Sharing imaging data

The data created by time-lapse imaging and cell tracking is frequently on a scale that presents a technical, as well as financial, challenge. The raw data consists of several terabytes of film which is then compressed for analysis into 500GB files. These compressed files are of a high enough quality that they can be used for analysis but they are still not small enough that they can be easily shared. In addition the group also generates spreadsheets of tracking data, which can be easily shared but are meaningless without the original imaging files and specific software to allow the two pieces of data to be connected. One solution which we are considering is the Image Data Resource, which is working to make imaging datasets in the life sciences, which have not previously been shareable due to their size, available to the scientific community to re-use.

Making it usable

The software used in this type of research is a major barrier to making the group’s work reproducible. The Imaris software the group uses costs thousands of pounds so anything shared in their proprietary formats are only accessible to an extremely small group of researchers at wealthier institutions, which is in direct opposition to the principles of Open Research. It is possible to use Fiji, an open source alternative, to recreate tracking with the imaging files and tracking spreadsheets; however, the data annotation originally performed in Imaris will be lost when the images are not saved in the proprietary formats.

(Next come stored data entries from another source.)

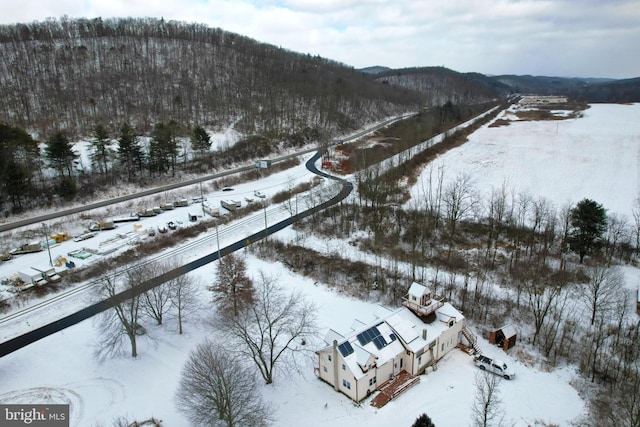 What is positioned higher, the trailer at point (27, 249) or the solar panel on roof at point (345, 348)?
the solar panel on roof at point (345, 348)

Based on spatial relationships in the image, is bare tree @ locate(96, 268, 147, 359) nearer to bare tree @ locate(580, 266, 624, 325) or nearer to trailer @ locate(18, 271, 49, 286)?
trailer @ locate(18, 271, 49, 286)

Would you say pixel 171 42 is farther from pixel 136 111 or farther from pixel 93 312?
pixel 93 312

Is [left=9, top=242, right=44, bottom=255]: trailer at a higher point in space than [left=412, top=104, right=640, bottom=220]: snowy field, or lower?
lower

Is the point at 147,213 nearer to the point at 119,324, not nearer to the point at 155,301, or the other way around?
the point at 155,301

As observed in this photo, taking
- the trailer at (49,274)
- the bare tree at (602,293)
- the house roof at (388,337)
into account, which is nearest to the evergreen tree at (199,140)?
the trailer at (49,274)

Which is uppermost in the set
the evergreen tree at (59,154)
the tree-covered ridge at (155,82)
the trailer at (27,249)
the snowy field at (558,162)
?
the tree-covered ridge at (155,82)

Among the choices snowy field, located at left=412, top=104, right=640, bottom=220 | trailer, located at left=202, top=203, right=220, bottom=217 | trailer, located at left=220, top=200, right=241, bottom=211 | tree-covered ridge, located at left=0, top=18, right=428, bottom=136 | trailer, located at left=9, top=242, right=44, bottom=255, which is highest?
tree-covered ridge, located at left=0, top=18, right=428, bottom=136

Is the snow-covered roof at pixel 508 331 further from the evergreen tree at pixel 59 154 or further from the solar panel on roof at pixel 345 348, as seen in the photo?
the evergreen tree at pixel 59 154

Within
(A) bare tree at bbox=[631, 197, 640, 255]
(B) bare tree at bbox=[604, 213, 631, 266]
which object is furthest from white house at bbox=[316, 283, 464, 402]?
(A) bare tree at bbox=[631, 197, 640, 255] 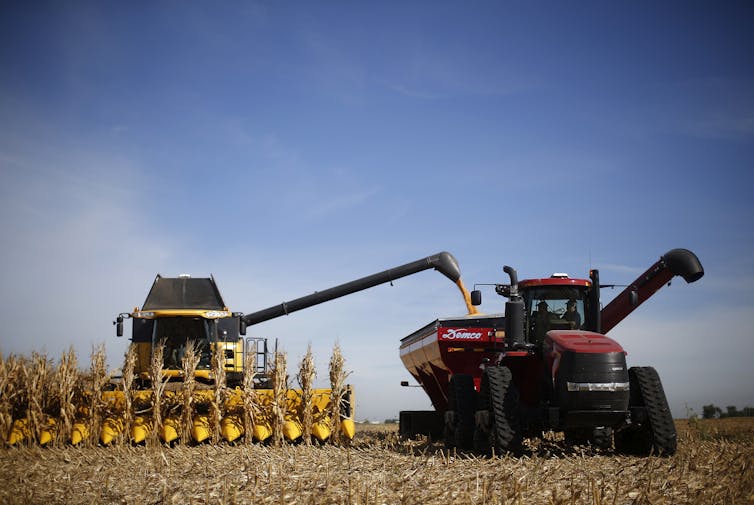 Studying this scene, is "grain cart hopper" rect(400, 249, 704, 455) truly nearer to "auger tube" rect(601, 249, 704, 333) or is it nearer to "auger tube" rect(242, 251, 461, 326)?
"auger tube" rect(601, 249, 704, 333)

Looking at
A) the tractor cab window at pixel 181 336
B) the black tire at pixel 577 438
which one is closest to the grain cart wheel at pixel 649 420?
the black tire at pixel 577 438

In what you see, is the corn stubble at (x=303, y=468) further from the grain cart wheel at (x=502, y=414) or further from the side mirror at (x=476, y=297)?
the side mirror at (x=476, y=297)

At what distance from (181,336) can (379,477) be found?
932cm

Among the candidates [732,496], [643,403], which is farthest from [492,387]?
[732,496]

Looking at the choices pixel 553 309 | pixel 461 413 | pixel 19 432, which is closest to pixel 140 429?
pixel 19 432

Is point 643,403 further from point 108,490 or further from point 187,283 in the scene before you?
point 187,283

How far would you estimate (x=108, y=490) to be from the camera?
8.37m

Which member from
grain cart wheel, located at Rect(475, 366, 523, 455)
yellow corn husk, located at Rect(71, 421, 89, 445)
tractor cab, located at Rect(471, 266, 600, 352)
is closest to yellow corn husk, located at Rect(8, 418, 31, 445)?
yellow corn husk, located at Rect(71, 421, 89, 445)

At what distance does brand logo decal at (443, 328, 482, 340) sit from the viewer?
14672mm

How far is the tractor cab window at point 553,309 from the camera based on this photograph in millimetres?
11945

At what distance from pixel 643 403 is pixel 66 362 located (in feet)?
35.1

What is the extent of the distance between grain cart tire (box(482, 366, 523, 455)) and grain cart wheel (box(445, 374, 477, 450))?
3.33ft

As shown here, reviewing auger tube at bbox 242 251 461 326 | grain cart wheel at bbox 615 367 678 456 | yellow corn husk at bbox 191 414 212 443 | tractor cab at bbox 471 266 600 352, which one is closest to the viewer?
grain cart wheel at bbox 615 367 678 456

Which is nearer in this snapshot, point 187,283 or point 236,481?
point 236,481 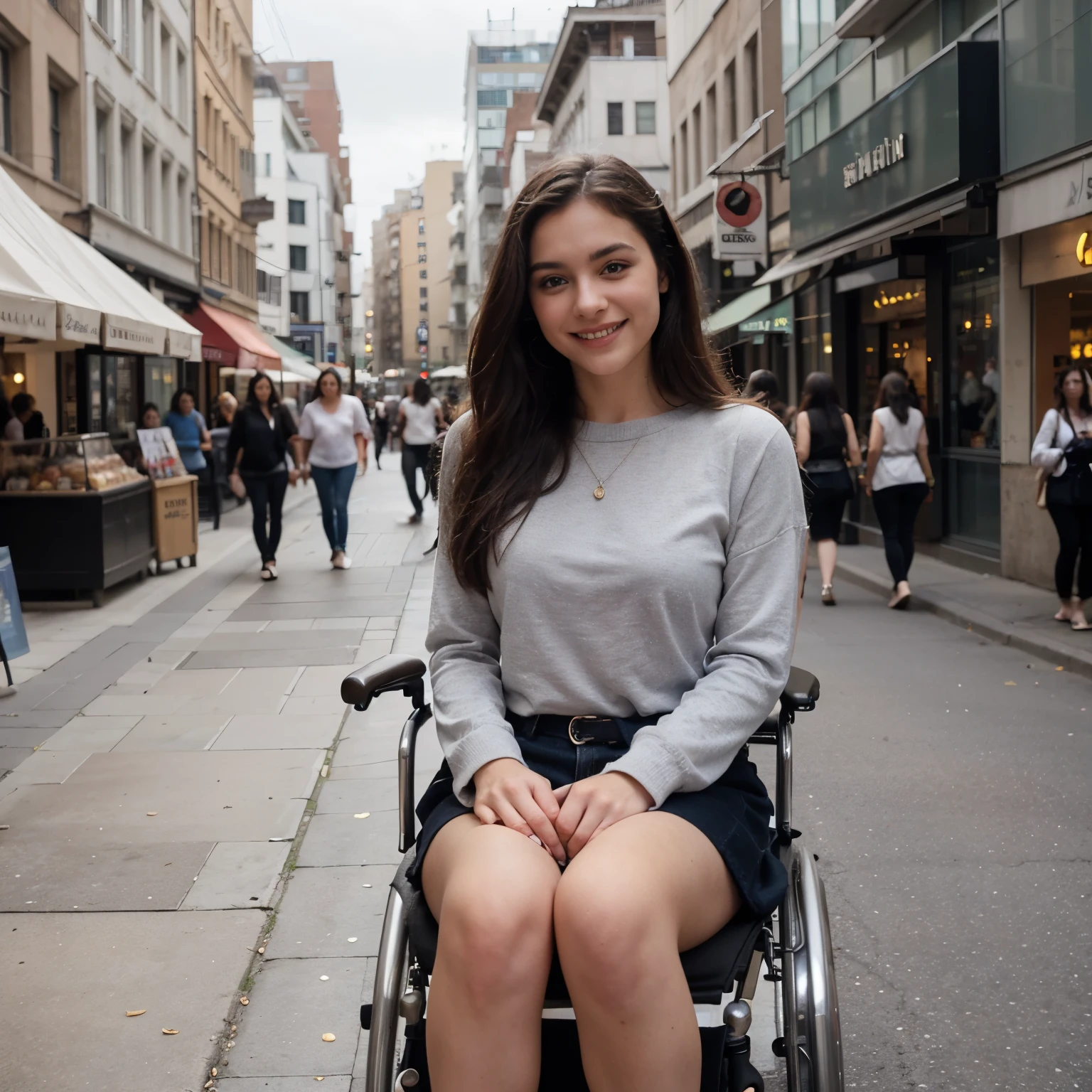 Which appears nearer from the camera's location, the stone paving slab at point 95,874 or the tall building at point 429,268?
the stone paving slab at point 95,874

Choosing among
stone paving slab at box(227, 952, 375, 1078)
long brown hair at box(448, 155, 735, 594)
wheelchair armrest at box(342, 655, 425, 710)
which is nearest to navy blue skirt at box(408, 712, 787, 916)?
wheelchair armrest at box(342, 655, 425, 710)

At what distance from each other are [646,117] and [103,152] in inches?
1223

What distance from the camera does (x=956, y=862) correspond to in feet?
16.1

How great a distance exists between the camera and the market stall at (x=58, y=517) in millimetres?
11250

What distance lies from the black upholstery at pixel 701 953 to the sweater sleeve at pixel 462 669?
22cm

An additional problem in such analyses is the sharing of protocols that detail the methodologies applied, from the preparation of the samples all the way through data generation and analysis. This is a common problem with standard peer-review journals that are often limited in the space available for the description of methods. The group are exploring new ways to communicate their research protocols and have created an article for the Journal of Visualised Experiments, but these are time consuming to create and so are not always possible. Open peer-review platforms potentially offer a solution to sharing detailed protocols in a more rapid manner, as do specialist platforms such as Wellcome Open Research and Protocols.io.

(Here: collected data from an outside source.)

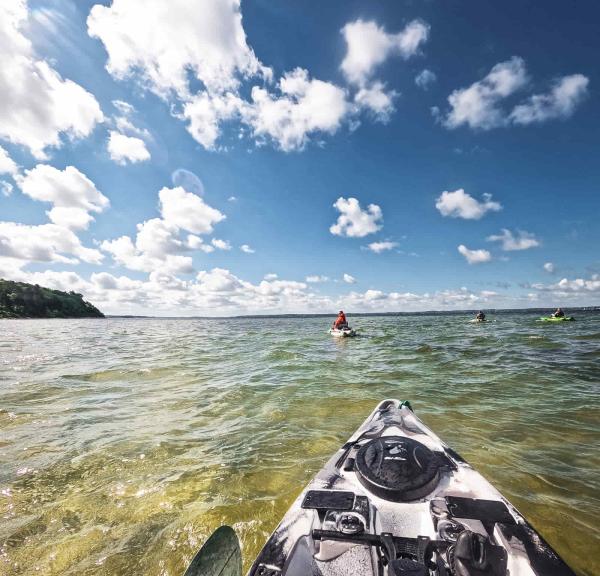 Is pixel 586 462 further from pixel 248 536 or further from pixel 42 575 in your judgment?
pixel 42 575

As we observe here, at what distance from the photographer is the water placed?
3514 mm

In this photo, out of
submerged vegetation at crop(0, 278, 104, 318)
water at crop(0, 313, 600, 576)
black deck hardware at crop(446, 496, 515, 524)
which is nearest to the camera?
black deck hardware at crop(446, 496, 515, 524)

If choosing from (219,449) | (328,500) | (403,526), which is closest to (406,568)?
(403,526)

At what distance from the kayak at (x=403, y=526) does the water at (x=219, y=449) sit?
1204 millimetres

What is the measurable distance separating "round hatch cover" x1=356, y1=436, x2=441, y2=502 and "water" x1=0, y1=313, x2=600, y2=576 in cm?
146

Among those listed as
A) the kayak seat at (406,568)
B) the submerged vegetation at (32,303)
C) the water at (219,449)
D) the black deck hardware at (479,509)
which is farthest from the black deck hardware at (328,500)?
the submerged vegetation at (32,303)

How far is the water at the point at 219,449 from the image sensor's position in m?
3.51

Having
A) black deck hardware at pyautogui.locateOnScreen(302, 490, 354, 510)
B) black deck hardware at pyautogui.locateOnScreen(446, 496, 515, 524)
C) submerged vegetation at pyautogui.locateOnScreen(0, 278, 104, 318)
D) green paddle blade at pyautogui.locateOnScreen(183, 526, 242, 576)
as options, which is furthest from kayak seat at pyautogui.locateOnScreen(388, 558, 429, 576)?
submerged vegetation at pyautogui.locateOnScreen(0, 278, 104, 318)

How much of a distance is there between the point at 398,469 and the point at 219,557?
1.98m

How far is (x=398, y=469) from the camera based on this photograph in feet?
11.0

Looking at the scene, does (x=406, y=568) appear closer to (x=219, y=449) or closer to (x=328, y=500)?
(x=328, y=500)

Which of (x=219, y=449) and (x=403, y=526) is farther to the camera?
(x=219, y=449)

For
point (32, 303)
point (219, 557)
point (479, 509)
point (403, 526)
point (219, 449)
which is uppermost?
point (32, 303)

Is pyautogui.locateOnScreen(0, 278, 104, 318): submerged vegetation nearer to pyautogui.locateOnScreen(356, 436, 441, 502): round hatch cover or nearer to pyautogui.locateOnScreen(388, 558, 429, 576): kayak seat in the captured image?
pyautogui.locateOnScreen(356, 436, 441, 502): round hatch cover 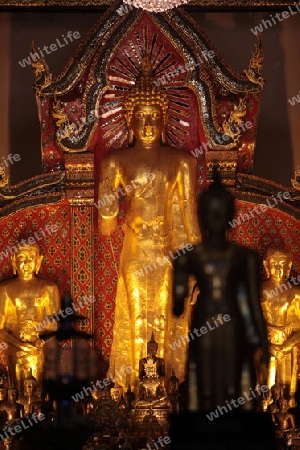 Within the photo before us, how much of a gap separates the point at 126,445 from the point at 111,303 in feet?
7.47

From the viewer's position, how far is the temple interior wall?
41.1 feet

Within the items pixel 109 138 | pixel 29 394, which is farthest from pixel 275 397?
pixel 109 138

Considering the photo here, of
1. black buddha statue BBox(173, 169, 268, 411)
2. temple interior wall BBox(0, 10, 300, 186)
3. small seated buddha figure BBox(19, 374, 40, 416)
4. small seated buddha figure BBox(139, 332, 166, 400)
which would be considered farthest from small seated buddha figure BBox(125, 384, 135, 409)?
temple interior wall BBox(0, 10, 300, 186)

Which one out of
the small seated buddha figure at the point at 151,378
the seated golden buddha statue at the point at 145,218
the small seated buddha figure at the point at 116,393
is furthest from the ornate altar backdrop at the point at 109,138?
the small seated buddha figure at the point at 151,378

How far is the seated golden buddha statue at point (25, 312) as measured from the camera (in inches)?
432

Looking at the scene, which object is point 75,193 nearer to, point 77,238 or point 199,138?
point 77,238

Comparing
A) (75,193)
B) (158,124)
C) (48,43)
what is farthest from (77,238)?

Increasing efficiency by increasing openness

Whilst the file size and proprietary software in this type of research presents some barriers to sharing, there are also opportunities through sharing to improve practice across the community. Currently there are several different software packages being used for visualisation and tracking. Therefore, sharing more imaging data would allow groups to try out different types of images on different tools and make better purchasing decisions with their grant money. Furthermore, there is a great frustration in this area that lots of people are working on different algorithms for different datasets, so greater sharing of these algorithms could reduce the amount of time wasted creating algorithms when it might be possible to adapt a pre-existing one.

Shifting models of scholarly communication

As we move towards a model of greater openness, research groups are facing a new difficulty in working out how best to present their myriad outputs. The Steventon group intends to publish data (in some form), protocols and a preprint at the same time as submitting their papers to a traditional journal. This will make their work more reproducible, and it also allows researchers who are interested in different aspects of their work to access the bits that interest them. These outputs will link to one another, through citations, but this relies on close reading of the different outputs and checking references. The Steventon group would like to make the links between the different aspects of their work more obvious and browsable, so the context is clear to anyone interest in the lab’s work. As the research of the group is so visual it would be appropriate to represent the different aspects of their work in a more appealing form than a list of links.
The Steventon lab is attempting to link and contextualise their work through their website, and it is possible to cross-reference resources in many repositories (including Cambridge’s Apollo), but they would like there to be a more sustainable solution. They work in areas with crossovers to other disciplines – some people may be interested in their methodologies, others the particular species they work on, and others still the particular developmental processes they are researching. There are opportunities here for openness to increase the discoverability of interdisciplinary research and we will be exploring this, as well as the issues around sharing images and proprietary software, as part of the Open Research Pilot.

Published 8 May 2017
Written by Rosie Higman and Dr Ben Steventon

Strategies for engaging senior leadership with RDM – IDCC discussion

May 5, 2017Uncategorizedfunders, higher education, policy, RDM, research data management, research integrity, senior leadershipOffice of Scholarly Communication

This blog post gathers key reflections and take-home messages from a Birds of a Feather discussion on the topic of senior management engagement with RDM, and while written by a small number of attendees, the content reflects the wider discussion in the room on the day. [Authors: Silke Bellanger, Rosie Higman, Heidi Imker, Bev Jones, Liz Lyon, Paul Stokes, Marta Teperek*, Dirk Verdicchio]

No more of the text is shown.